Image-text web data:
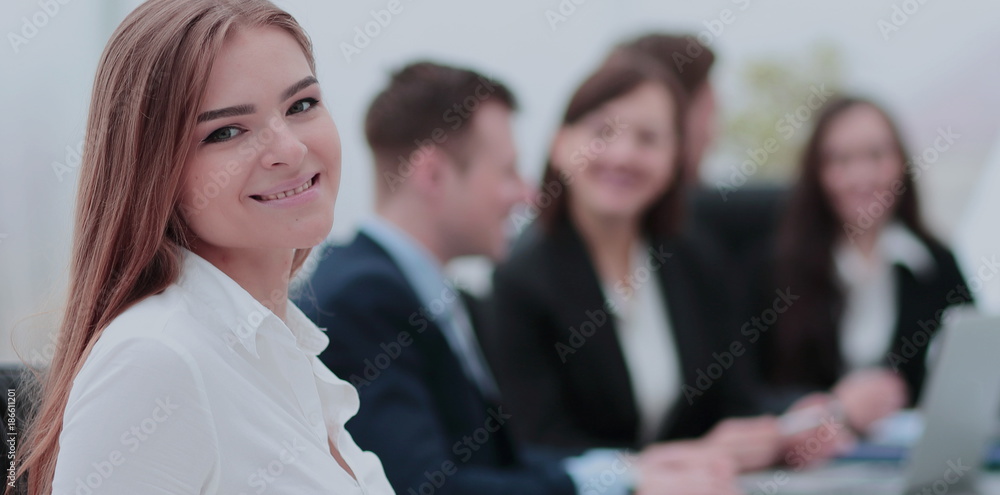 Portrait of a smiling businesswoman sitting at a table with coll Portrait of a smiling businesswoman sitting at a table with coll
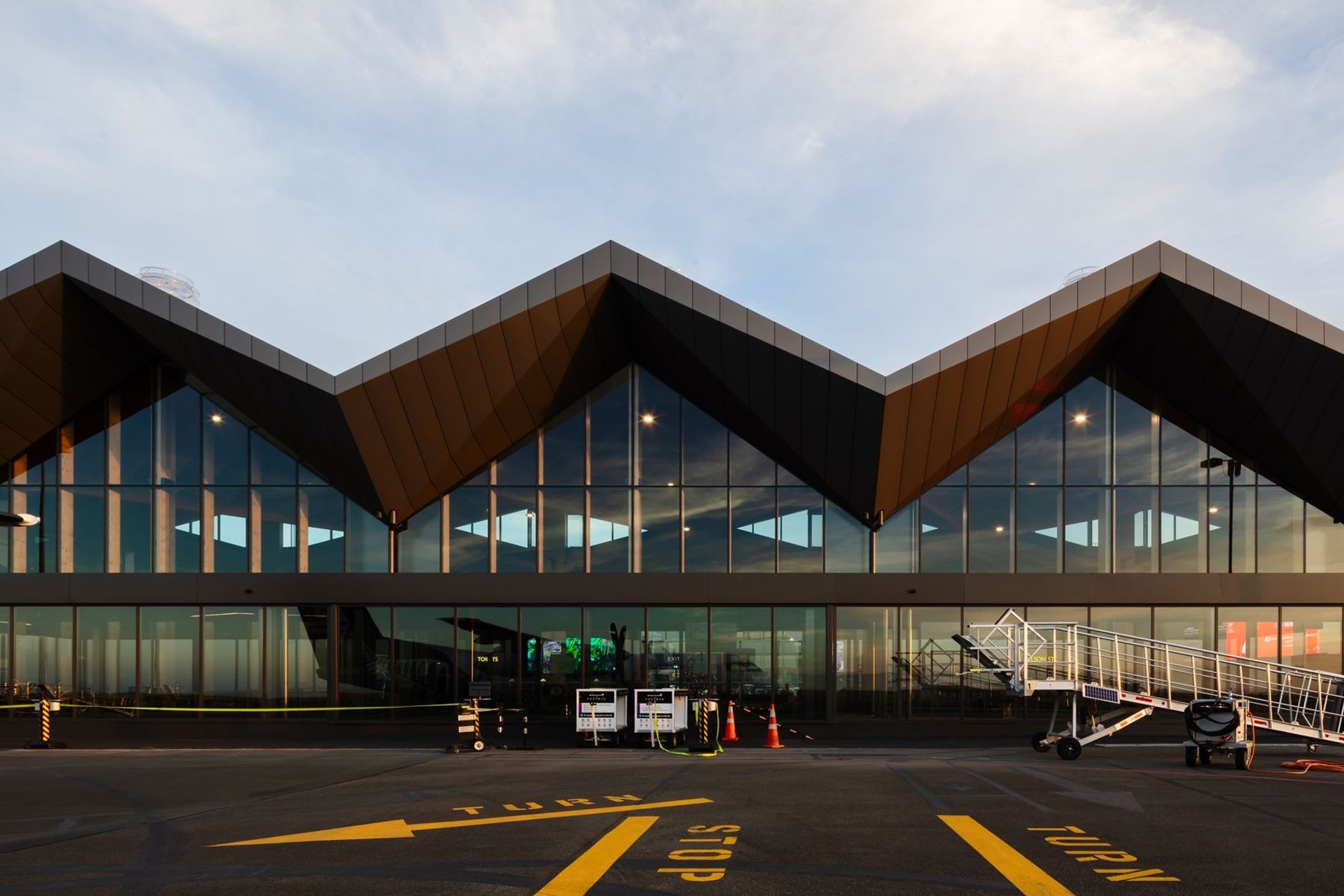 The diagonal forms reference the mountain range panorama as seen from Tasman Bay.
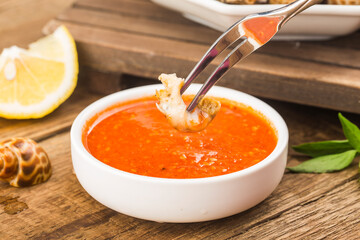 Babylonia areolata shellfish seafood on bowl ready for eat or cooked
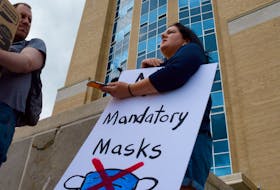 Amanda Green stands in front of Confederation Building Thursday afternoon as she protests a mandatory mask order issued by Chief Medical Officer of Health Dr. Janice Fitzgerald.

Keith Gosse/The Telegram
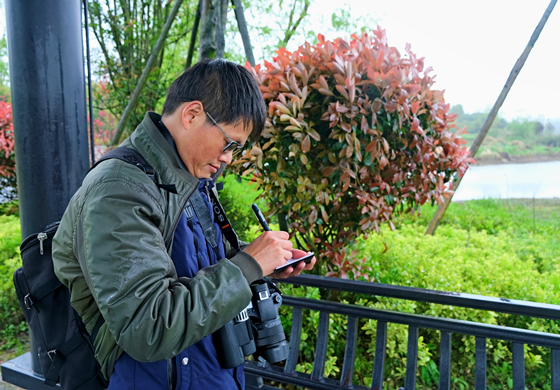 在重庆梁平双桂湖国家湿地公园，杨秀勇正在写观鸟记录。通讯员  石楚园  摄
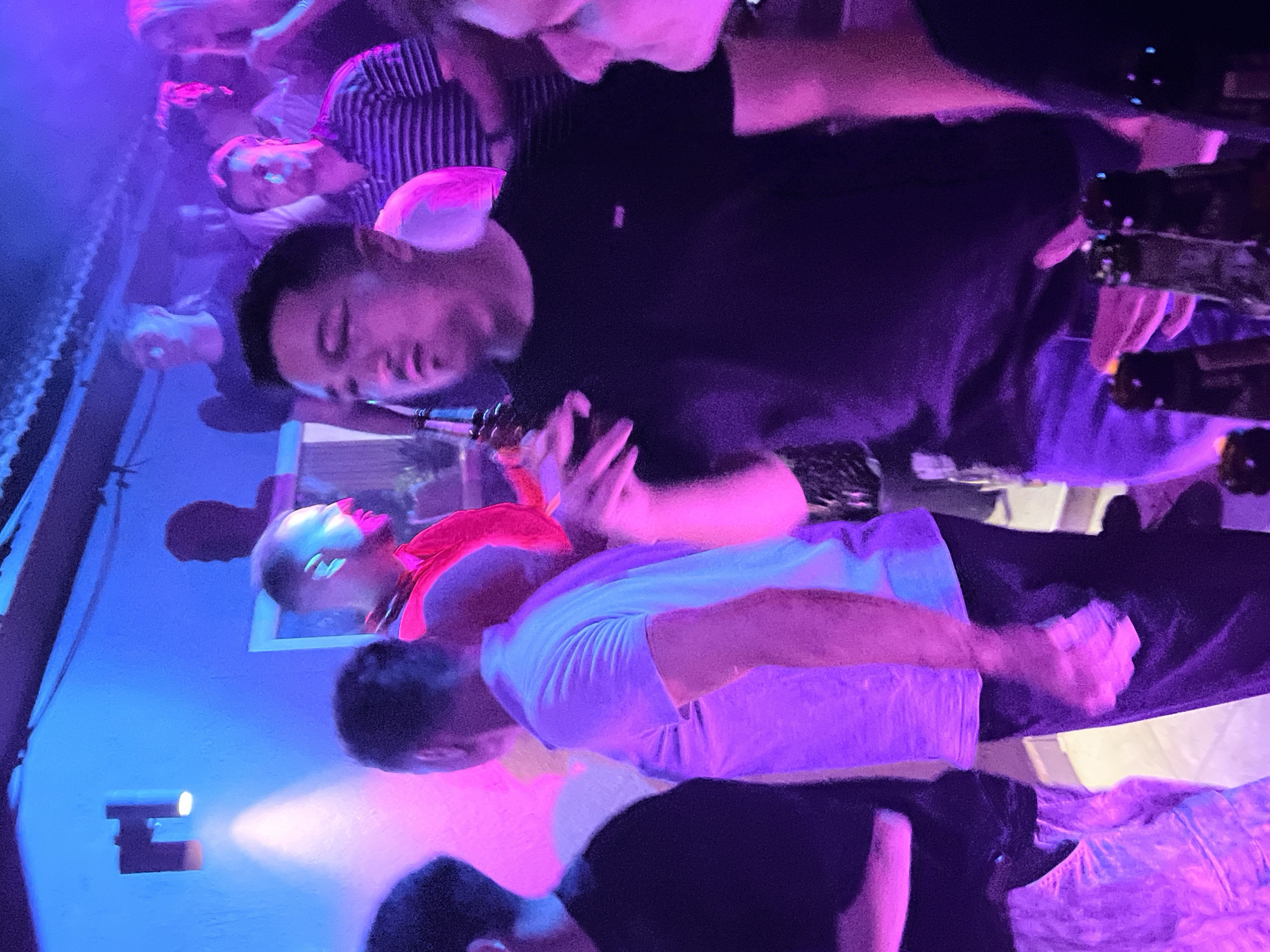The image depicts a dimly lit indoor scene, likely a bar or club, bathed in vibrant blue and pink neon lights. Several individuals are present, with a focus on a man in the foreground wearing a black t-shirt. He is looking away from the camera, with a blurred hand resting on his chest. To his right, another person's face is partially visible, also illuminated by the colored lights. In the background, a group of people are gathered, their features indistinct due to the low lighting and distance. A wall with a light fixture and what appears to be a framed artwork or window is visible on the left. Several bottles, possibly of alcohol, are in the foreground, suggesting a social gathering or event. The overall atmosphere is lively and suggests a nightlife setting. The image does not provide any explicit visual cues to confirm its location in Herceg Novi, Montenegro.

• What this task involves: Please repeat each line above exactly as it appears, but omit the pictures.

• Exercise solution:
 Portrait of a smiling businesswoman sitting at a table with coll Portrait of a smiling businesswoman sitting at a table with coll
 The diagonal forms reference the mountain range panorama as seen from Tasman Bay.
 Babylonia areolata shellfish seafood on bowl ready for eat or cooked
 Amanda Green stands in front of Confederation Building Thursday afternoon as she protests a mandatory mask order issued by Chief Medical Officer of Health Dr. Janice Fitzgerald.

Keith Gosse/The Telegram
 在重庆梁平双桂湖国家湿地公园，杨秀勇正在写观鸟记录。通讯员  石楚园  摄
The image depicts a dimly lit indoor scene, likely a bar or club, bathed in vibrant blue and pink neon lights. Several individuals are present, with a focus on a man in the foreground wearing a black t-shirt. He is looking away from the camera, with a blurred hand resting on his chest. To his right, another person's face is partially visible, also illuminated by the colored lights. In the background, a group of people are gathered, their features indistinct due to the low lighting and distance. A wall with a light fixture and what appears to be a framed artwork or window is visible on the left. Several bottles, possibly of alcohol, are in the foreground, suggesting a social gathering or event. The overall atmosphere is lively and suggests a nightlife setting. The image does not provide any explicit visual cues to confirm its location in Herceg Novi, Montenegro.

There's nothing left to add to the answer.